The Ms. America Pageant is for women 26 years old and older who are of any marital status, with or without children.
Harman is a single-mother with two daughters ages 10 and 12. She graduated from Brigham Young University—Hawaii in international cultural studies and communications in 2003. Not too long thereafter, she found herself divorced with two young daughters.
She started her own image consulting and production business called High Style Company, which grew to include clientele from international businesses to celebrities, according to highstylecompany.com.
“I had to be on my toes all the time,” Harman said. “People expect you to be available for any reason at anytime.”
One of the many lessons she learned was to “be the messenger of her own message” and exemplify her message of preparedness. That message was summarized in five points: act responsibly, be informed, create a plan, decide and deploy and encourage others.

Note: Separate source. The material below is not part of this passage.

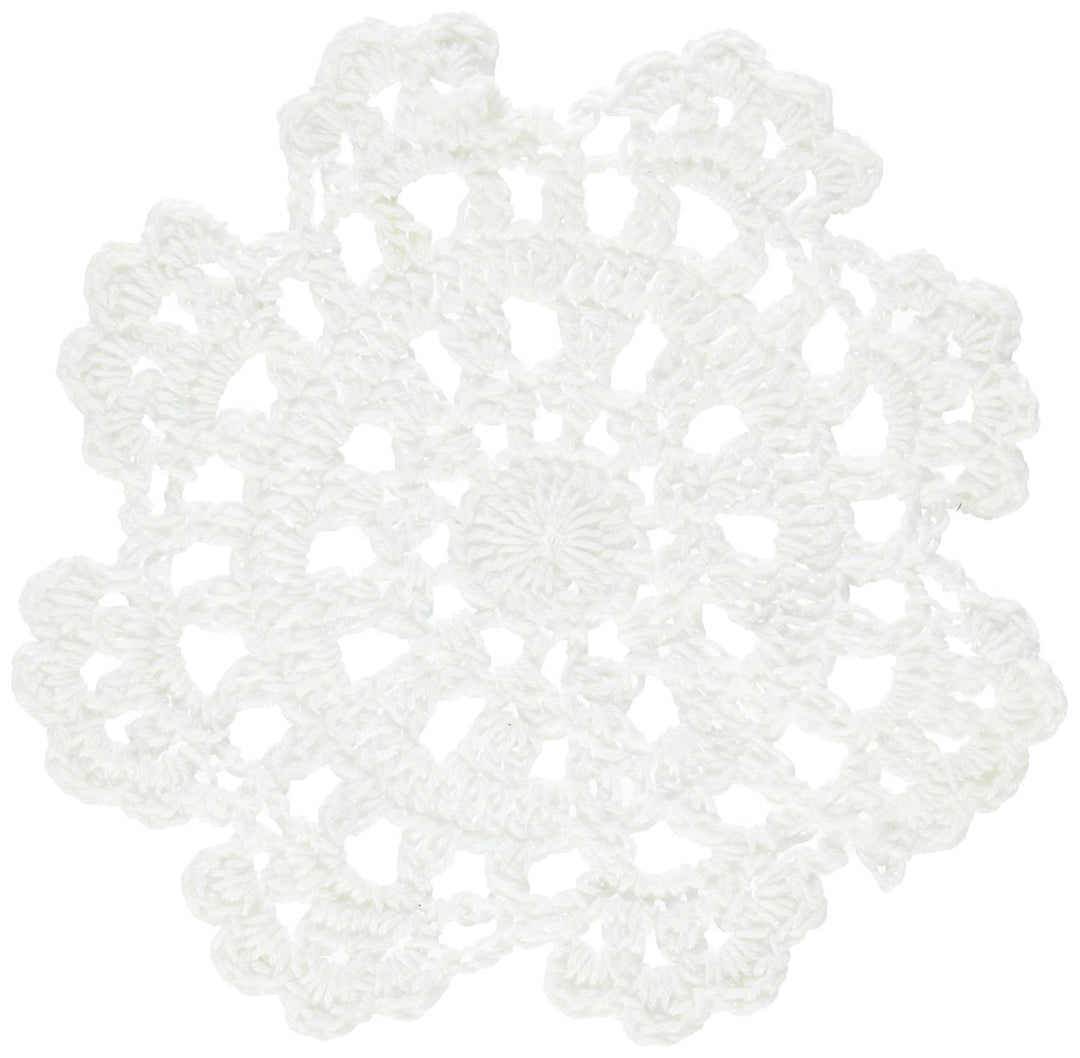 Small Handmade Crochet Round Cotton Lace Table Placemats Doilies for Cup/Glass Value Pack [Set of 4], Medallion, 5 inch, White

With her many Ms. America appearances, she planned and managed the events on her own. She had to plan her own security, her own displays and presentations on top of managing all interaction with both event planners and the public. Additionally, since the Ms. America position is based on philanthropic endeavors, she was not paid by the pageant to fill her Ms. America duties and had to find sponsors to support her efforts.
“When I (was) out there being a single mom and representing women across the country as well as the women in my own pageant, I knew I needed to represent all of them as best I could,” Harman said.
Harman was recognized for her volunteer efforts with the gold President’s Volunteer Service Award, a presidential recognition for more than 500 hours of service to the community over the course of 12 months.
She was able to put her message to work firsthand when she was on her way to speak at PrepperCon convention in April. She came across a head-on collision near the WinCo Foods in Midvale. She was the first responder at the scene where the airbags in both cars had deployed.
Both cars were transporting young girls. For one of the little girls, it was her birthday as well as a day where she needed to give a presentation.
“She even still had her cards in her hand,” Harman recalled. “That could have been one of my girls.”
She used her Ms. America crown to help calm one of the girls traumatized by the accident.
“This is why it is so important to be prepared and have those tools and skills to respond to each other when in need,” Harman said.
Looking to the future, she plans to merge her business with a tech company that focuses on 3D printing. She believes that 3D printing will have a major impact on both national and local economies.
She also plans to host her own empowerment events to help people who are weighed down with negativity or emotional instability.
Harman said that charity and service was a major part of who she was before she became Ms. America and plans to continue helping local efforts that “do so much good.”